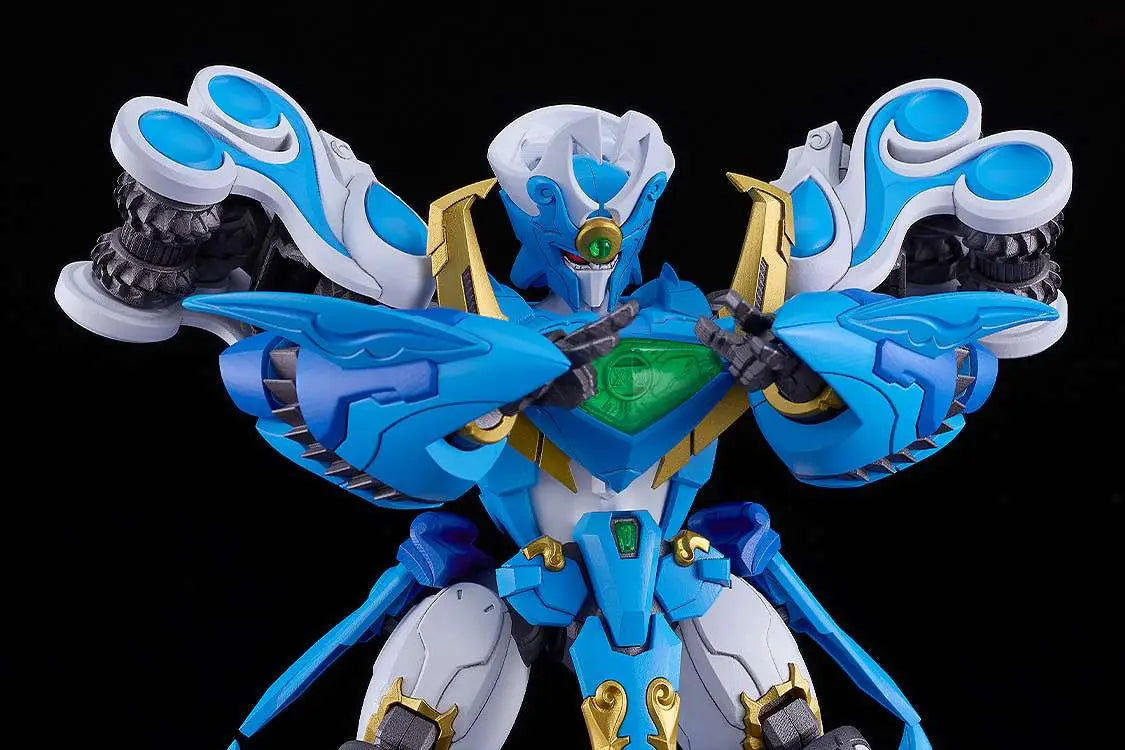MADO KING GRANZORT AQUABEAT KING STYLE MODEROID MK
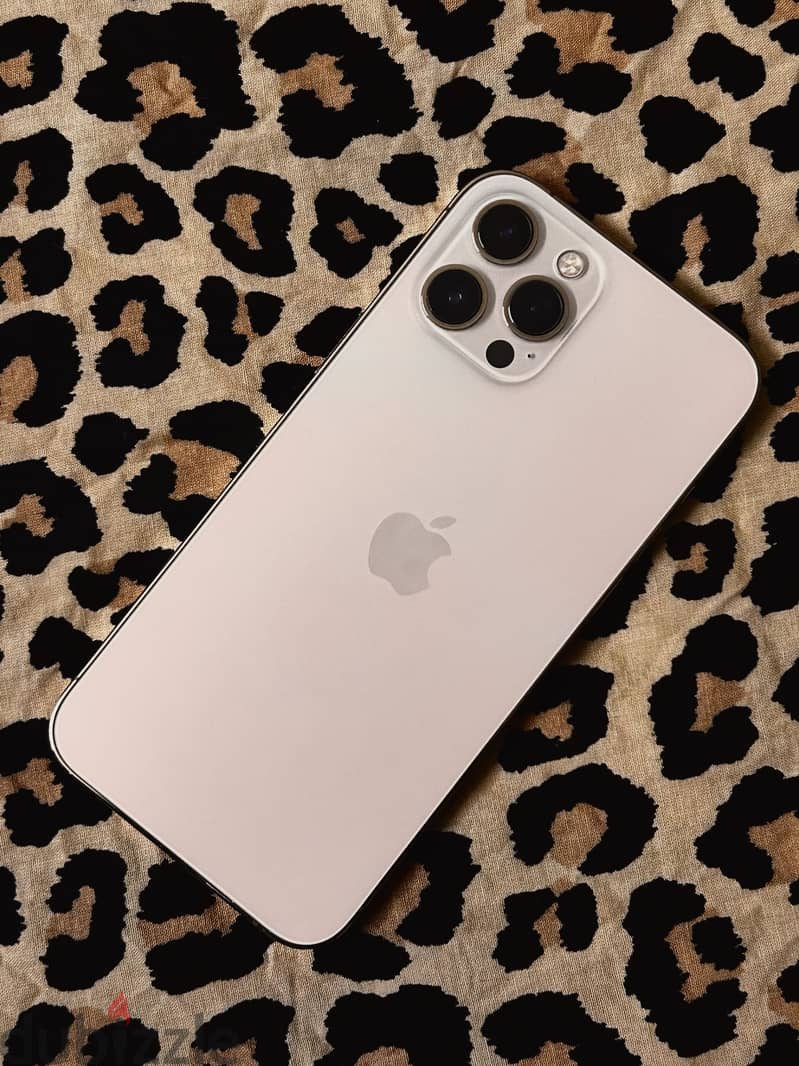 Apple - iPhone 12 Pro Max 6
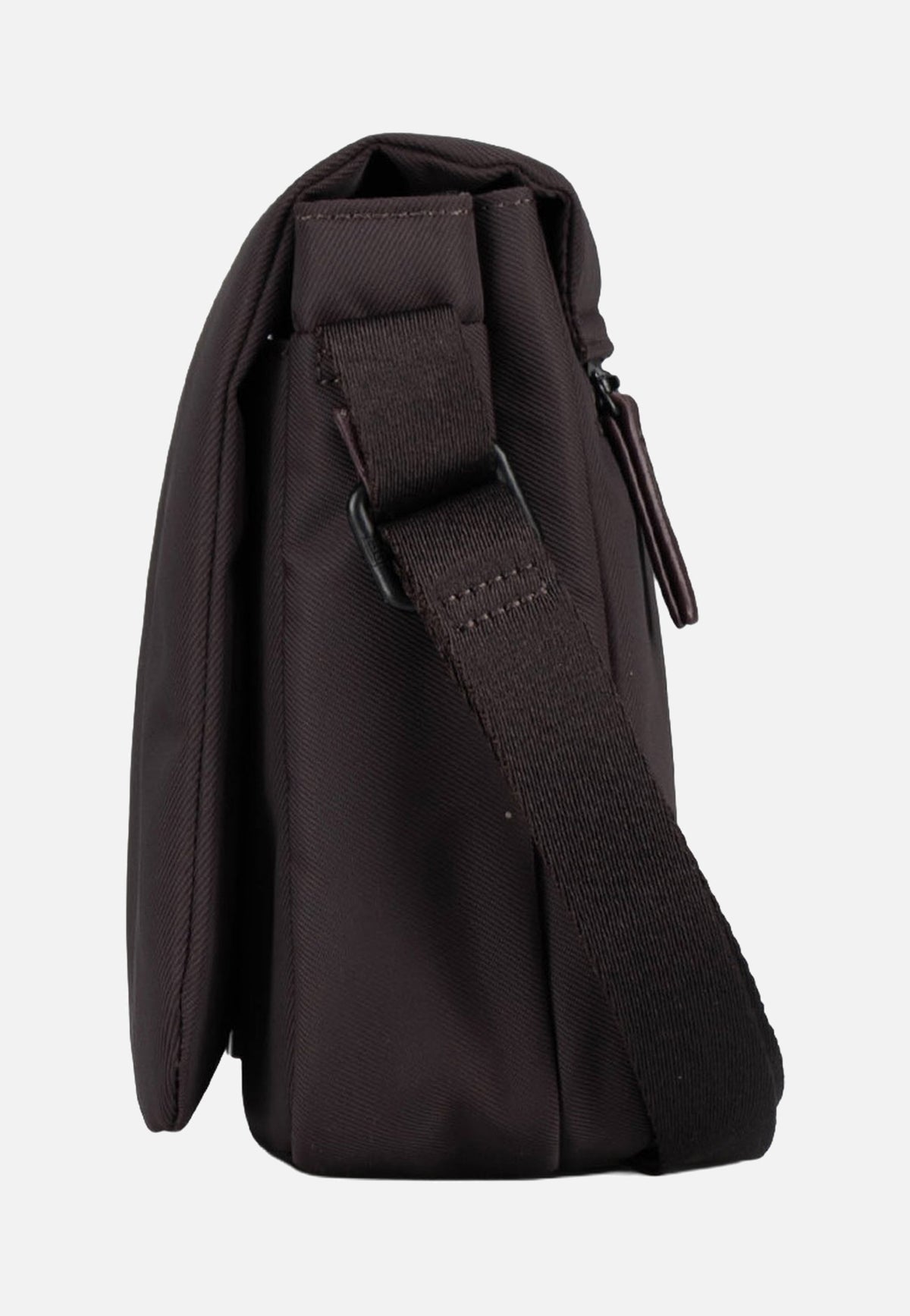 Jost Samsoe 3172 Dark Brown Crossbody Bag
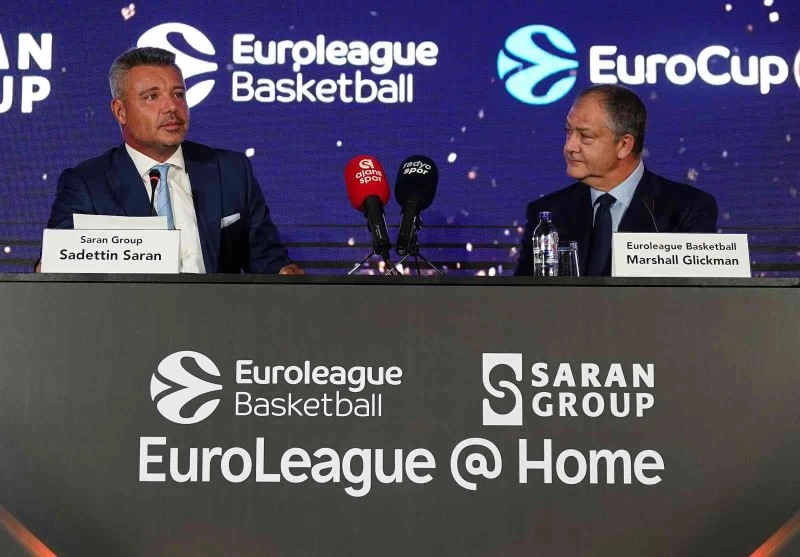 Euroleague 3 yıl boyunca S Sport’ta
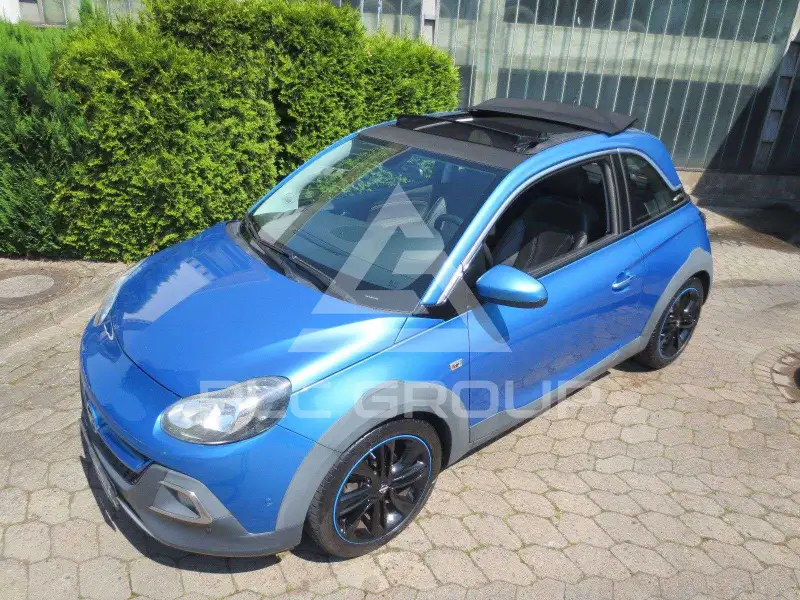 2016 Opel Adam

* * *

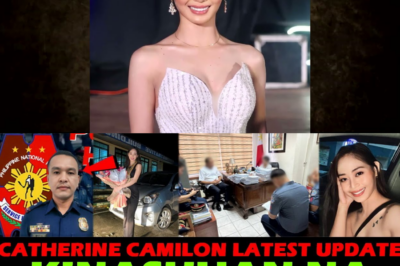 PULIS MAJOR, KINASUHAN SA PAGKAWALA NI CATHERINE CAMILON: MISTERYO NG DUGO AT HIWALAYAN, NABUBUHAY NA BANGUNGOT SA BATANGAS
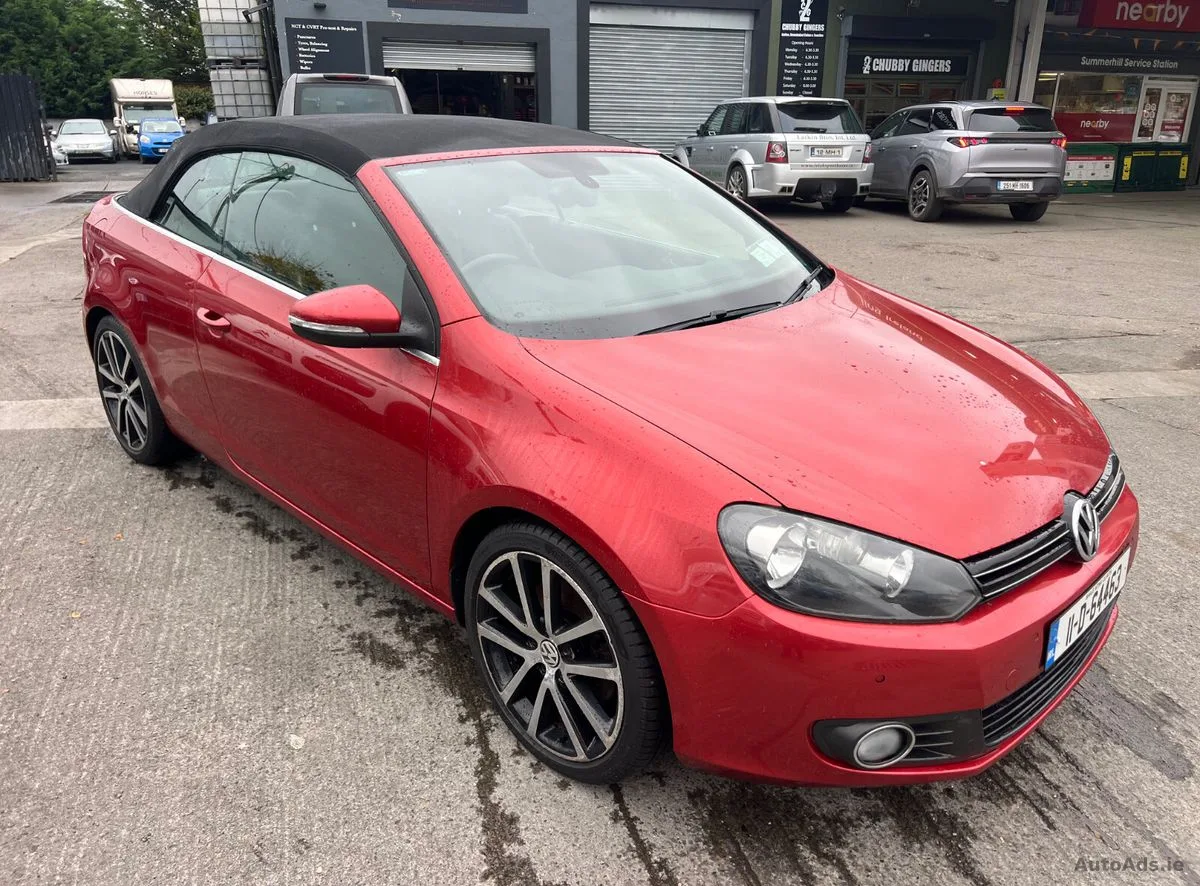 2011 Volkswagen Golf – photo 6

• EXERCISE PROMPT
Would you set down only the lines above from the line with "Jost Samsoe 3172 Dark Brown Crossbody Bag" to the line with "2016 Opel Adam", both included, exactly as they stand and without the pictures?

• EXERCISE ANSWER
 Jost Samsoe 3172 Dark Brown Crossbody Bag
 Euroleague 3 yıl boyunca S Sport’ta
 2016 Opel Adam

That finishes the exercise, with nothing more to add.